Exercise data
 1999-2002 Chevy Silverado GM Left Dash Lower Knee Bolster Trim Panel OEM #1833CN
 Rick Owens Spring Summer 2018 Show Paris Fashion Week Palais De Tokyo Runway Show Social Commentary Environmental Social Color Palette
--
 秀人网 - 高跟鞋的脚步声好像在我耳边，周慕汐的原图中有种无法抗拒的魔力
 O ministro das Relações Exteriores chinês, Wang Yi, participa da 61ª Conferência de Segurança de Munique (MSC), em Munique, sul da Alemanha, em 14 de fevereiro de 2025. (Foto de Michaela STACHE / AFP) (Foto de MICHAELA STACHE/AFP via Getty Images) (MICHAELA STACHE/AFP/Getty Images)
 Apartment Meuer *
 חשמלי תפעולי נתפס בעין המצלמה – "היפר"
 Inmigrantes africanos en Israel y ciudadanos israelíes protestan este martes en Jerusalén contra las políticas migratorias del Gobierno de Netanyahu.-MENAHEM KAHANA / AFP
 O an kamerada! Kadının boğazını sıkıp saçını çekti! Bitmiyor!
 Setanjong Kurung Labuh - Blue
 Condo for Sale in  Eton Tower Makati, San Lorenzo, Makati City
==
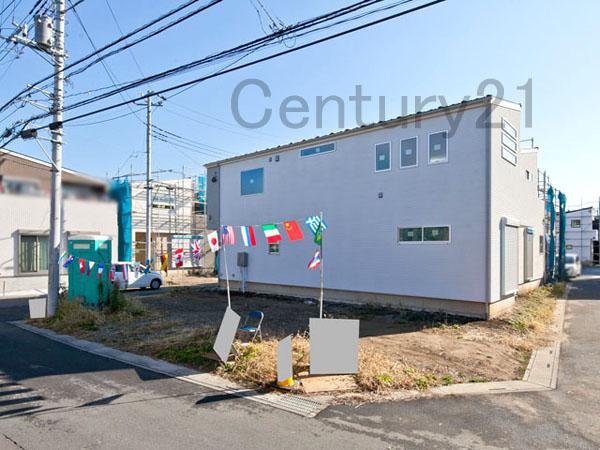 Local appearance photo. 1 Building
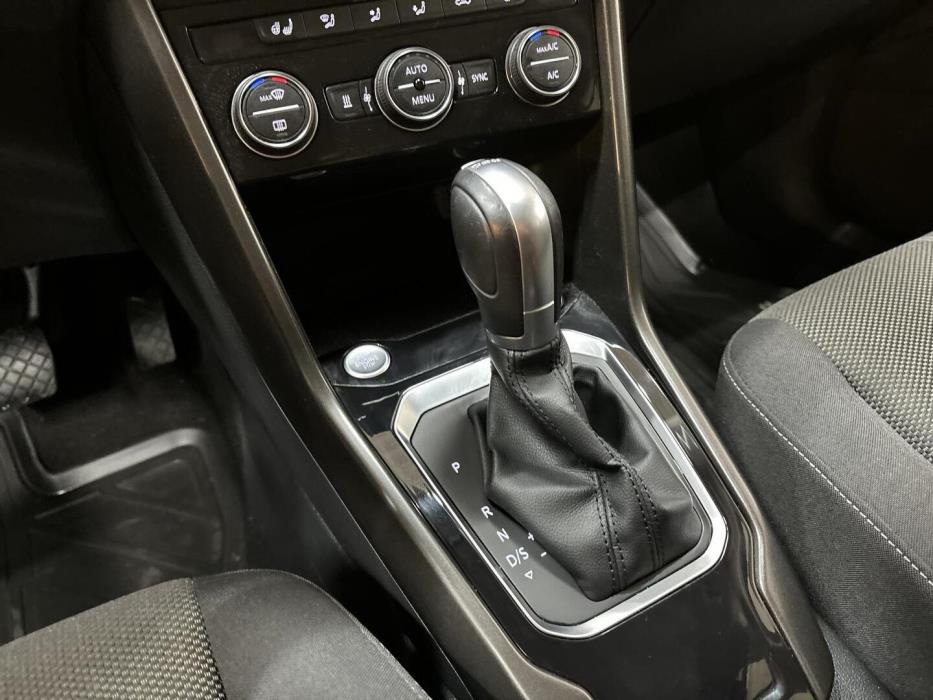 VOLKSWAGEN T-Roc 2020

Work item
Above are the records. Print exactly, and only, the lines from the line with "Apartment Meuer *" to the line with "Condo for Sale", both inclusive.

Written response
 Apartment Meuer *
 חשמלי תפעולי נתפס בעין המצלמה – "היפר"
 Inmigrantes africanos en Israel y ciudadanos israelíes protestan este martes en Jerusalén contra las políticas migratorias del Gobierno de Netanyahu.-MENAHEM KAHANA / AFP
 O an kamerada! Kadının boğazını sıkıp saçını çekti! Bitmiyor!
 Setanjong Kurung Labuh - Blue
 Condo for Sale in  Eton Tower Makati, San Lorenzo, Makati City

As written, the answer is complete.